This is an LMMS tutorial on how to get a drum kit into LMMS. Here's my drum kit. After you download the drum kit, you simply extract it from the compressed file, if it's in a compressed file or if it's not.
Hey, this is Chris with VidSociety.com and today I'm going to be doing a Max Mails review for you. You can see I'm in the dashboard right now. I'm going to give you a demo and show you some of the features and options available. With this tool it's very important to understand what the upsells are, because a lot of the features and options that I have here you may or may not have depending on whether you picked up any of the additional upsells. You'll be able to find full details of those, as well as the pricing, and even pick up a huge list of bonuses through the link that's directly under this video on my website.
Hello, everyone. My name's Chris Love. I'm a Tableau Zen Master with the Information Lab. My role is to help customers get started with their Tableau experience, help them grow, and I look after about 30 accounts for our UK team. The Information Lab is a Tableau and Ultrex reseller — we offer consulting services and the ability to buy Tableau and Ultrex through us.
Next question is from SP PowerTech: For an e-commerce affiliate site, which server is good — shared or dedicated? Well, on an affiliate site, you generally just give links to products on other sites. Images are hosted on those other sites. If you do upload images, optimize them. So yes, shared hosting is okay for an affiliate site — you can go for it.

▬▬▬▬▬▬▬▬▬▬

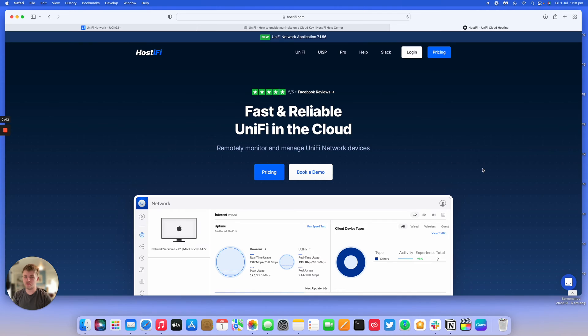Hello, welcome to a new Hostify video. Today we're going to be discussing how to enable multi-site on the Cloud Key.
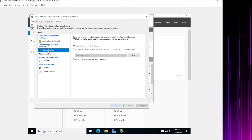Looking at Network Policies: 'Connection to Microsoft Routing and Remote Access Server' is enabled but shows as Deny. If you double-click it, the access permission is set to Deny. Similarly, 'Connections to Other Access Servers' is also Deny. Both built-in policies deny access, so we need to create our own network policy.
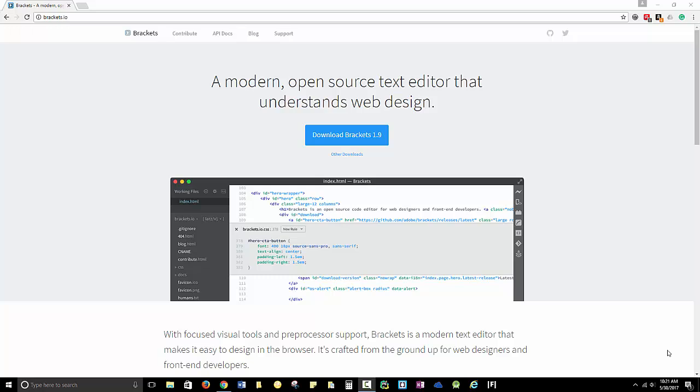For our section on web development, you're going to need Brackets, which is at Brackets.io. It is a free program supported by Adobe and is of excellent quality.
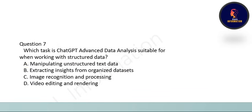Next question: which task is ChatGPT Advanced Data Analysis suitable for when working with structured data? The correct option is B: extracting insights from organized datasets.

▬▬▬▬▬▬▬▬▬▬

#### PROBLEM REQUIREMENTS
Among the lines above, the one with "Looking at Network" opens the part to repeat and the one with "Next question: which" closes it; repeat only that part exactly, with no pictures.

#### SOLVED EXERCISE
Looking at Network Policies: 'Connection to Microsoft Routing and Remote Access Server' is enabled but shows as Deny. If you double-click it, the access permission is set to Deny. Similarly, 'Connections to Other Access Servers' is also Deny. Both built-in policies deny access, so we need to create our own network policy.
For our section on web development, you're going to need Brackets, which is at Brackets.io. It is a free program supported by Adobe and is of excellent quality.
Next question: which task is ChatGPT Advanced Data Analysis suitable for when working with structured data? The correct option is B: extracting insights from organized datasets.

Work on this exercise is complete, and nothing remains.